Imhof M O, Rusconi S, Lezzi M
Institute for Cell Biology, ETH Hönggerberg, Zürich, Switzerland.
Insect Biochem Mol Biol. 1993 Jan;23(1):115-24. doi: 10.1016/0965-1748(93)90089-b.
We have cloned a cDNA sequence coding for a Chironomus tentans steroid hormone receptor homologue which exhibits extensive amino acid sequence co-linearity with the ecdysteroid receptor of Drosophila melanogaster (dEcR; cell 67, 59-77). The DNA-binding domain has 95% and the hormone-binding domain 75% amino acid sequence identity with the cloned dEcR. The gene for this C. tentans protein is located on chromosome II, region 17C, as determined by in situ hybridization to polytene chromosomes of salivary glands. On Northern blots cDNA probes of the cloned gene hybridize to polyadenylated RNA of ca 4.2 kb. The expression of the cloned gene seems to be developmentally regulated and correlates to changes in ecdysteroid titer. Transfection of this C. tentans protein into D. melanogaster Schneider's line 2 cells leads to transcriptional interference with endogenous dEcR on an ecdysteroid-regulated promoter.

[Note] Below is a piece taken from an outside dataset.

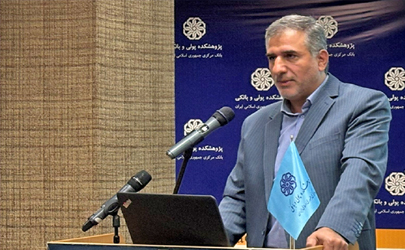 عضو هیئت ‌مدیره بانک اقتصادنوین : میان حقوق بانک‌ها و مشتریان باید تعادل ایجاد شود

我们克隆了一段编码摇蚊类固醇激素受体同源物的cDNA序列,该同源物与黑腹果蝇的蜕皮甾体受体(dEcR;细胞67,59 - 77)表现出广泛的氨基酸序列共线性。其DNA结合结构域与克隆的dEcR具有95%的氨基酸序列同一性,激素结合结构域具有75%的氨基酸序列同一性。通过与唾液腺多线染色体的原位杂交确定,这种摇蚊蛋白的基因位于二号染色体的17C区域。在Northern印迹上,克隆基因的cDNA探针与约4.2 kb的聚腺苷酸化RNA杂交。克隆基因的表达似乎受发育调控,且与蜕皮甾体滴度的变化相关。将这种摇蚊蛋白转染到黑腹果蝇施耐德2号线细胞中,会导致对蜕皮甾体调节启动子上内源性dEcR的转录干扰。